310 (ten) est le onzième long métrage d’Abbas Kiarostami, après sa trilogie composée de Où est la maison de mon ami (1987), Et la vie continue (1992) et Au travers des oliviers (1994). Il réalisa ensuite Le Goût de la cerise, Palme d’Or au Festival de Cannes 1997, puis Le Vent nous emportera (1999). 10 (ten), écrit et réalisé par Abbas Kiarostami, a été présenté en sélection officielle en compétition au Festival de Cannes 2002. Le film consiste en dix séquences dialoguées, cinq femmes et un enfant qui viennent prendre place à côté de Mania, au volant d’une voiture ; dix étapes de la vie des personnages qui pourraient aussi bien représenter la trajectoire mentale et émotionnelle d’une seule et unique femme. Extrait du scénario :

« – Dans une existence si vaste, pourquoi dépendre d’une seule personne ?

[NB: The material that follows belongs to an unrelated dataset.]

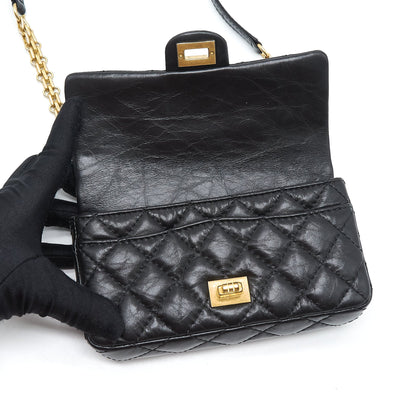 Chanel 2.55 Reissue mini waist Belt Bag black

– Pourquoi pas ? Pourquoi ne faudrait-il pas l’être ?

– Je te jure que ce n’est pas de l’amour, c’est une illusion.

– Pourquoi ce n’est pas de l’amour ? Si ce n’est pas de l’amour, qu’est-ce que c’est ?

– Tu dois d’abord t’aimer toi-même. Tu te méprises au point de te faire mal… Il est parti ? Tant pis ! Il n’est pas le seul homme au monde ? (off) Et après tout ça, tu le pleures encore !

– Je suis à bout, je craque.

– Va-t’en, toi aussi.

– Je ne peux pas.

– Tu as tort de t’accrocher. C’est une illusion. Ça suffit ! »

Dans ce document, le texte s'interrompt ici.